Под этим свирепым наскоком Мишу вздрагивает, как будто ей влепили пощечину, затем бледнеет, уголки губ у нее опускаются, из глаз брызжут слезы. Она открывает рот, чтобы ответить своей обидчице, но не успевает это сделать. Пако, с пламенеющим черепом и выпученными глазами, уже бросается ей на помощь.
– Вы, змея подколодная, – говорит он, бросая на Мюрзек яростный взгляд, – оставьте малышку в покое, иначе вам придется иметь дело со мной!

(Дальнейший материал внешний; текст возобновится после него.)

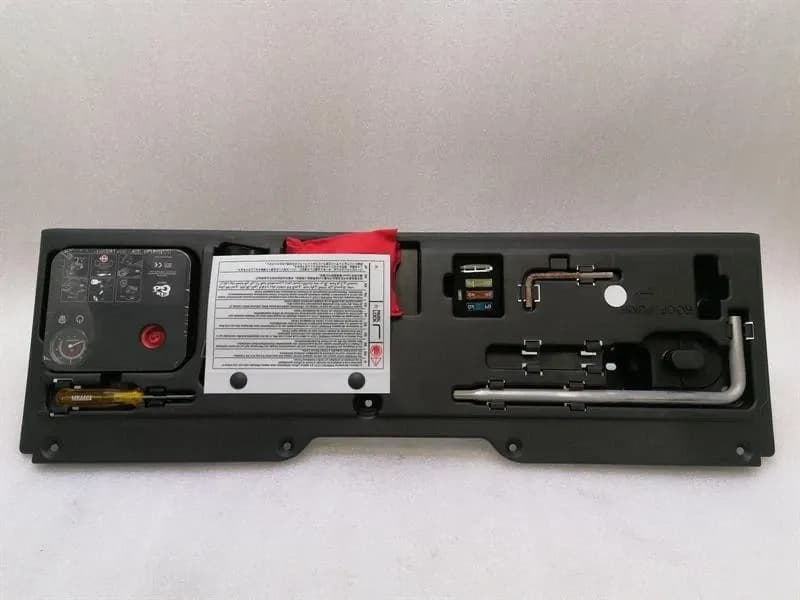 FERRARI PORTOFINO F164 SAVER KIT 781912 TOOL KIT TRAY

Эта отповедь действует на пассажиров как детонатор. Со всех сторон на Мюрзек обрушиваются гневные возгласы.
– Вам давно бы следовало понять, мадам, – говорит Блаватский, чей голос в конце концов перекрывает возмущенный гул, – что вы нам осточертели, вы и ваши оскорбительные выпады! Замолчите же! Это все, что от вас требуется!
Жестом, мимикой, голосом все сидящие в круге, даже бортпроводница, поддерживают его. Один лишь индус не принимает в этом участия; он внимательно следит за разыгрывающейся сценой, но следит откуда-то издалека, словно не принадлежит уже к миру, где это происходит.

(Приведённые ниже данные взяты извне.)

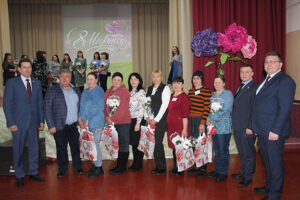 Депутат Законодательного собрания Новосибирской области поздравил в Венгерово мастеров машинного доения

Смолчи Мюрзек в эту минуту, я полагаю, все могло бы еще обойтись. Но Мюрзек горит безумной отвагой, она лицом к лицу встречает нападение всей нашей своры, на каждый удар отвечает ударом, и ожесточенная перебранка захлестывает всех с головой, неся на своих волнах, как это часто бывает даже в самых серьезных диспутах, мелкие колкости и прочий несусветнейший вздор.
Вперившись в Блаватского, глаза Мюрзек мечут гром и молнии, и она восклицает крикливым, но решительным голосом:
– Мсье Блаватский, да будь вы хоть сто раз американец, вам все равно не удастся командовать в этом самолете! Я имею право свободно выражать свое мнение, и никто не заставит меня замолчать.
– Еще как заставит! – вне себя от ярости восклицает Пако. – Я вас заставлю! И влеплю вам пару хороших затрещин, если понадобится!
– Вы здесь не у мадам Эдмонд, – с ухмылкой парирует Мюрзек. – А я не малолетка!